Non se sia solo una caratteristica dell’età, come essere appassionati quando si è adolescenti, frettolosi di crescere quando si è bambini, e via così, ma da quando ho compiuto trent’anni a torto o a ragione ho iniziato a convincermi di aver raggiunto la mia forma definitiva, fisica e spirituale. Non intendo dire che poi non mi verranno le rughe, e le esperienze di vita non mi arricchiranno più. Solo che credo di aver raggiunto quel paio di punti fissi necessari per definirsi più o meno adulti. Tra questi punti fissi, c’è la generale bonarietà del mio carattere nei confronti dei miei simili e dei miei colleghi. Intendiamoci, ci sono dei momenti in cui sono veramente insopportabile con la gente cui voglio davvero bene, e non posso dire di avere davvero un buon carattere, considerando gli scatti d’ira, le incazzature inutili e le paranoie. Solo che fingo bene di essere normale, e lo faccio da così tanti anni che credo di apparire, ad una prima conoscenza, una persona tutto sommato accomodante. Il bello è che alla fine non devo sforzarmi neppure troppo ad esserlo: la gentilezza con gli sconosciuti, l’umiltà, la cortesia, sono cose la cui pratica mi mette di buon’umore. Fino a qualche tempo fa.

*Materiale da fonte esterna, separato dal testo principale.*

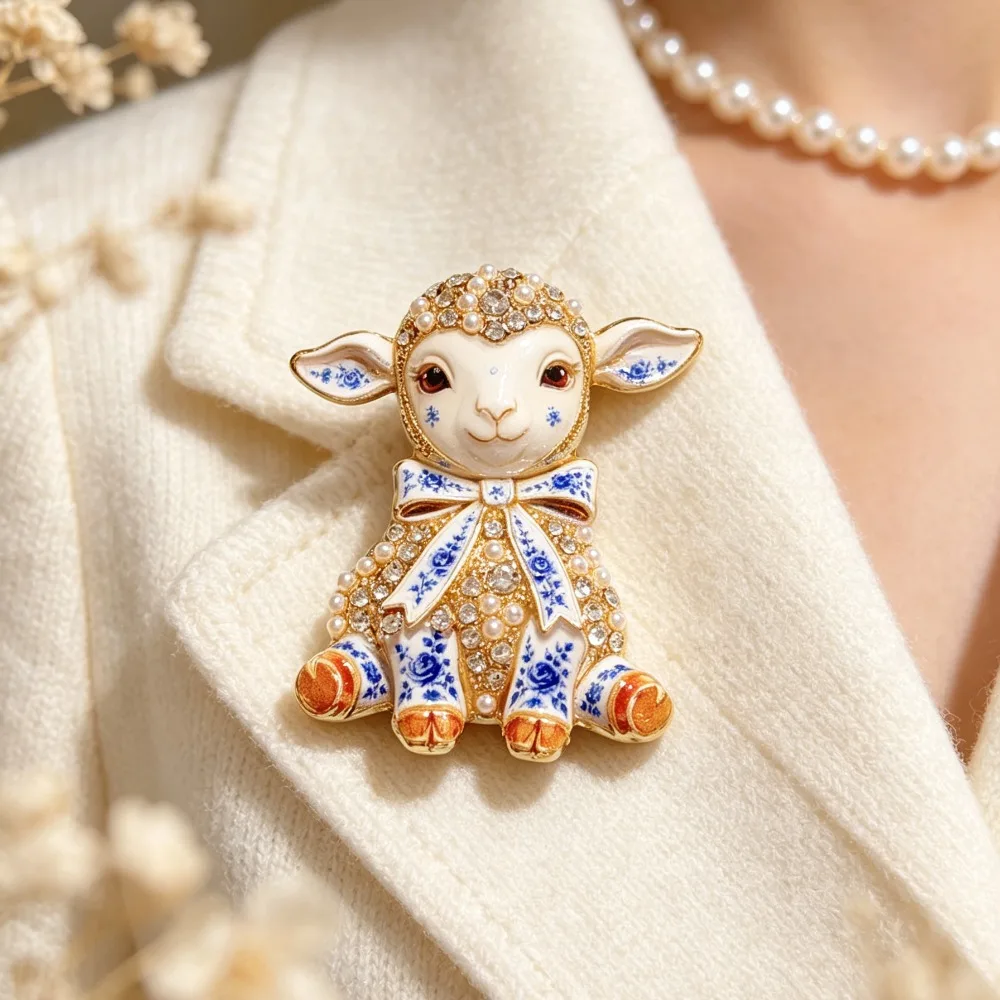 Cute Sitting Lamb Badge Enamel Imitation Pearl Rhinestone Bow Animal Clothing Decor Universal Jewelry Gift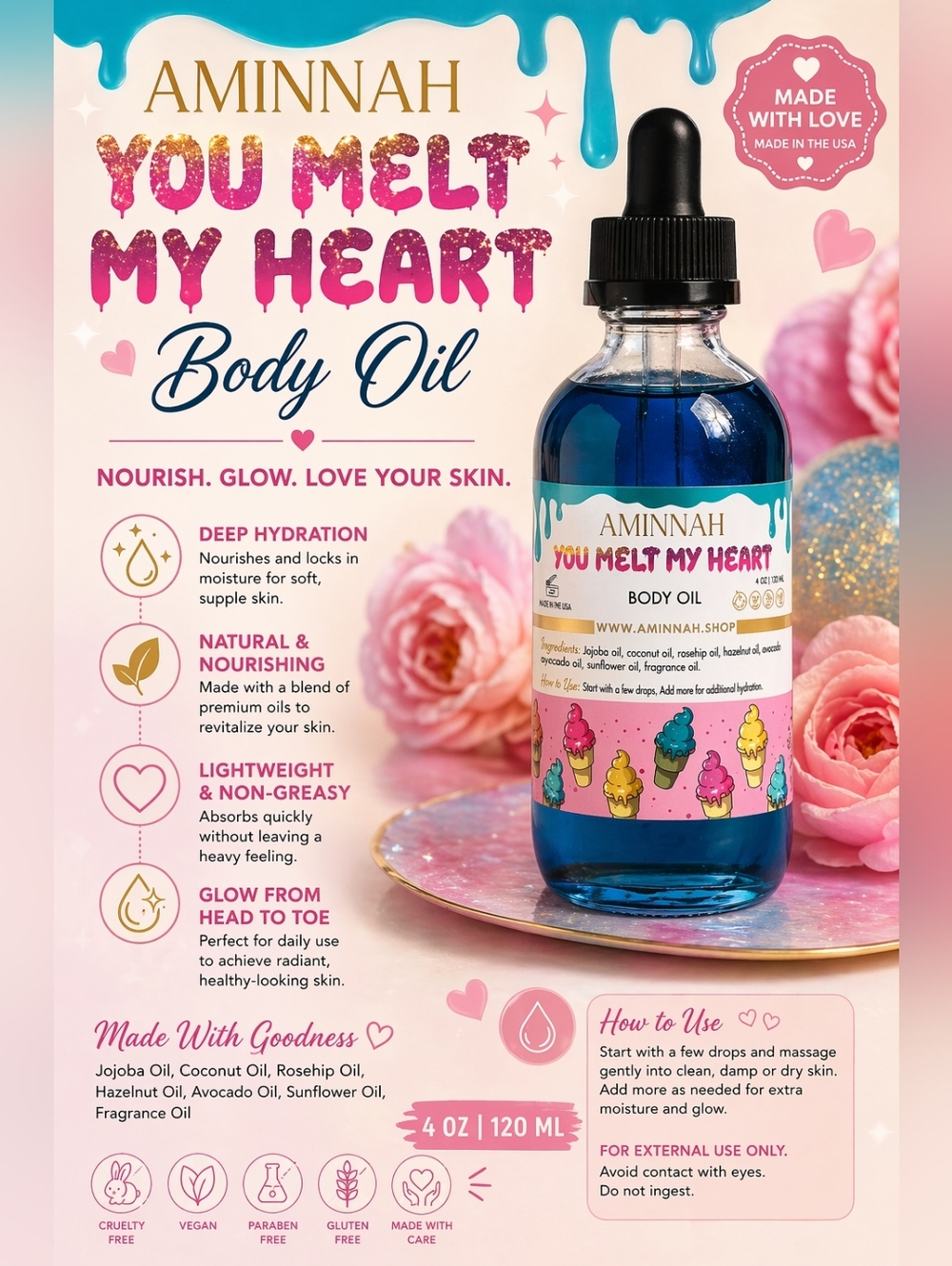 Aminnah - You Melt My Heart Blue Body Oil 4oz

È un po’ che mi sono accorta che il mio grado di tolleranza nei confronti del genere umano sta calando vertiginosamente. Per esempio, ieri sera non riuscivo a dormire per una serie di sfighe che esulano dal post, per cui mi sono alzata e mi sono messa a vagare in rete. Qualsiasi cosa leggessi su Facebook mi irritava, dal commento meramente personale, all’articolo linkato col quale non ero d’accordo, all’ennesima bufala proparlata ovunque. Mi irritano le polemiche, mi irritano le opinioni, mi irritano gli atteggiamenti della gente. Mi irrita chi muove il culo per manifestare solo quando si tratta di roba che entra nel perimetro ristretto del suo giardino, e poi se ne frega quando in gioco ci sono questioni più grandi, che magari non lo interessano direttamente. Mi irritano le inutili dispute scienza/religione, di cui abbiamo le palle veramente, ma veramente piene. Mi irrita il razzismo della gente del mio quartiere, i toni saccenti di chi si ritiene sempre superiore a tutti. Non che questo poi si traduca in qualcosa di più concreto di una vaga irritazione che mi tengo dentro, e che al massimo paleso con Giuliano, o coi miei. Continuo a sorridere, a chiedere scusa anche quando la colpa è degli altri, a mantenere la calma in pubblico, perché non ho voglia di far casino, perché la gente che s’incazza per ogni minima cosa e se la prende con chi lavora m’ha sempre dato ai nervi. Ma, dentro, sto diventando una persona astiosa, e non so se è colpa di Internet o è un preludio a quel che diventerò di qui a qualche anno: una vecchietta incazzata col mondo. O forse è una versione modificata e sviata della ghiandola del veleno, che dopo dieci anni di onorata carriera ha deciso di manifestarsi anche in me. Del resto, comincio a provar fastidio anche verso tanti discorsi che si fanno intorno ai libri e agli scrittori.
Non so esattamente come porre rimedio. L’ultimo tentativo è quello di stare di meno online. Fino a quando non c’era la rete, avevi la vaga percezione che, da qualche parte, ci fossero degli imbecilli, ma, in linea di massima, non avevi con loro alcun contatto diretto. Con la rete li vedi in faccia e ci parli ogni giorno. Forse il problema è questo. Per cui studio per il mio corso sub, leggo tantissimo, mi do alle avventure grafiche. Ma il mondo è comunque appena fuori dalla finestra, con le sue meschinità, le sue piccinerie, le sue cattiverie gratuite e tutto quanto di male sappiamo farci l’un l’altro.
Sto cercando di educarmi ad una certa tolleranza. Ma non è facile. Forse è solo l’età.